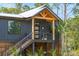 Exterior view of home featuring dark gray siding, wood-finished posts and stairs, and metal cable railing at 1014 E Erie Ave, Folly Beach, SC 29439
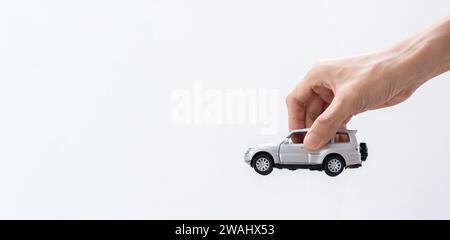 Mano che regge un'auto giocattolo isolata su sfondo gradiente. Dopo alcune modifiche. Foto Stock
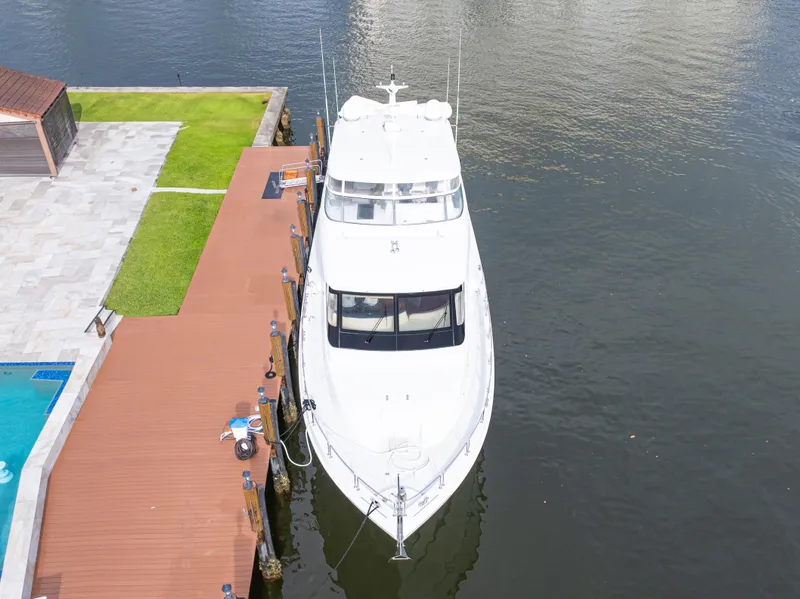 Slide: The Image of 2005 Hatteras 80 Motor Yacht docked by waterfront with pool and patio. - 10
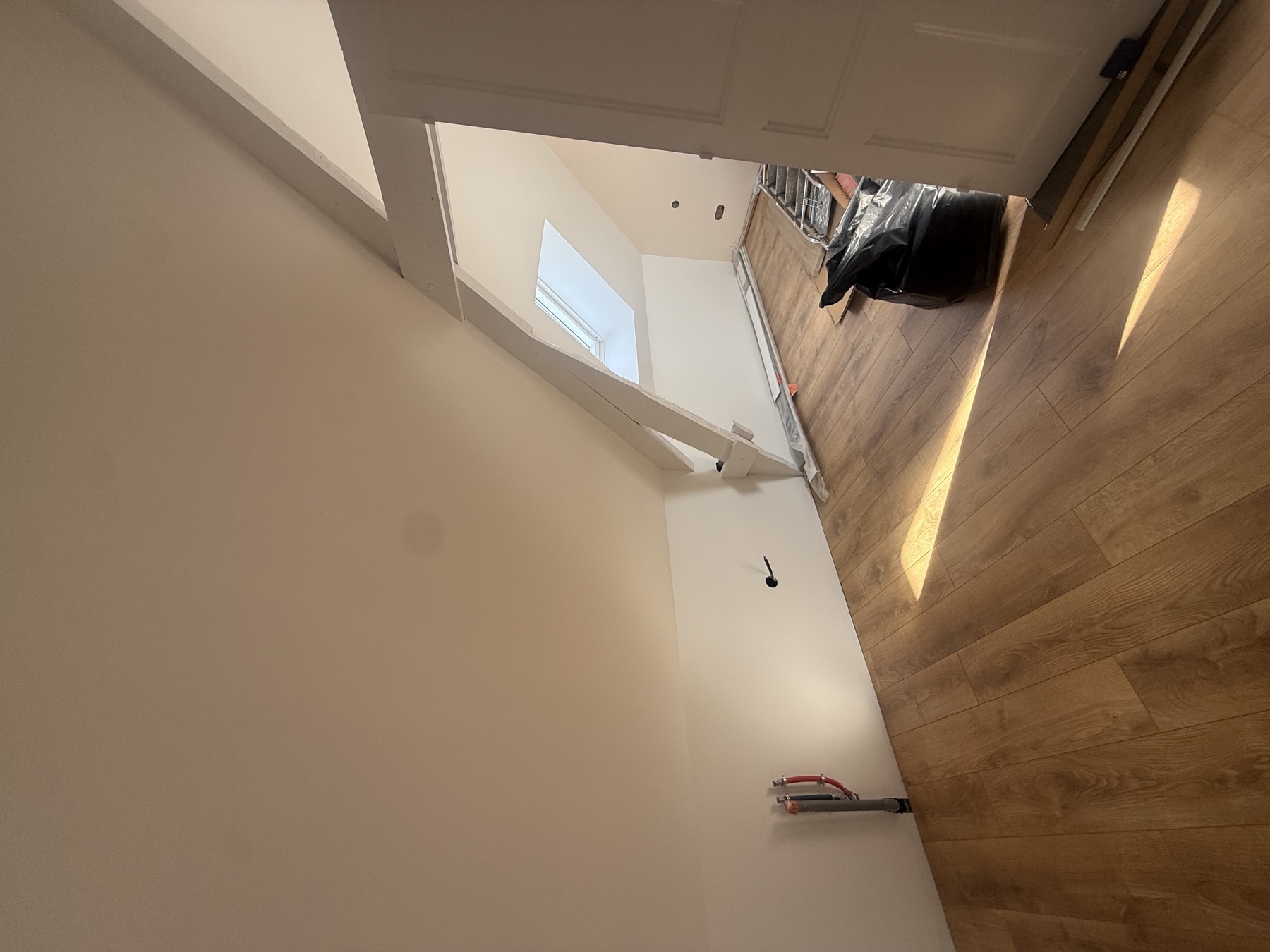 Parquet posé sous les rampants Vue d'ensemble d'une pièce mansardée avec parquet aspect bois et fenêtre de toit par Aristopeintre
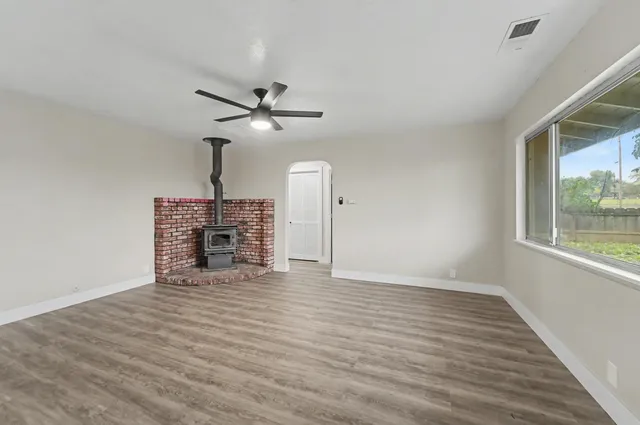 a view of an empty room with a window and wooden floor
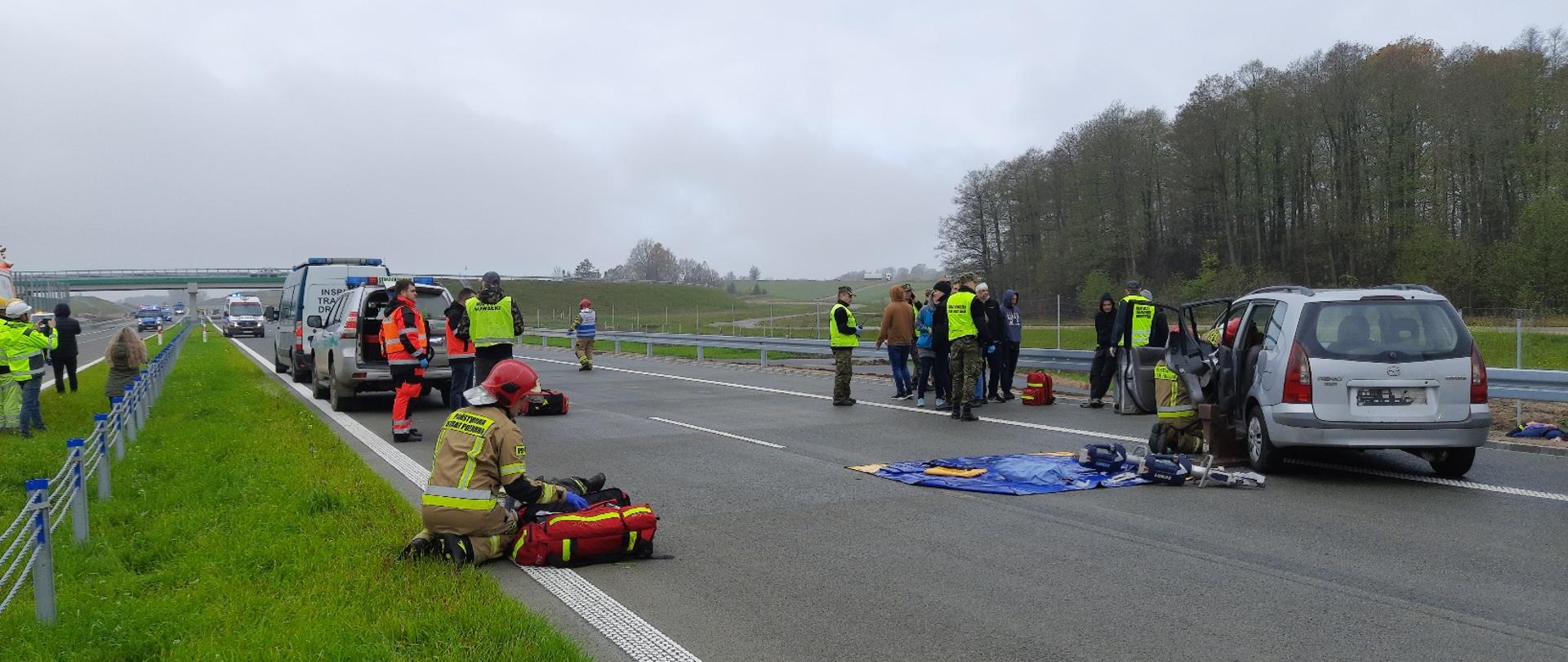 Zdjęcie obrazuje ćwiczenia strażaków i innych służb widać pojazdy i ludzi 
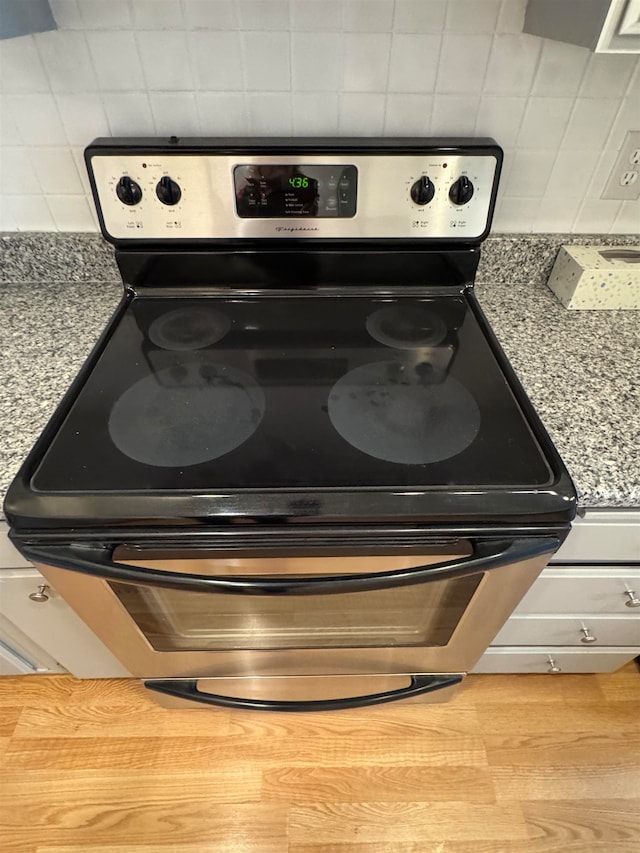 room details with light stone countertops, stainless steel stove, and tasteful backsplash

◆ YOUR OBJECTIVE
Only the lines from the start of the material to the line with "Slide: The Image", inclusive, belong in the answer, printed exactly and free of pictures.

◆ EXERCISE OUTPUT
 Exterior view of home featuring dark gray siding, wood-finished posts and stairs, and metal cable railing at 1014 E Erie Ave, Folly Beach, SC 29439
 Mano che regge un'auto giocattolo isolata su sfondo gradiente. Dopo alcune modifiche. Foto Stock
 Slide: The Image of 2005 Hatteras 80 Motor Yacht docked by waterfront with pool and patio. - 10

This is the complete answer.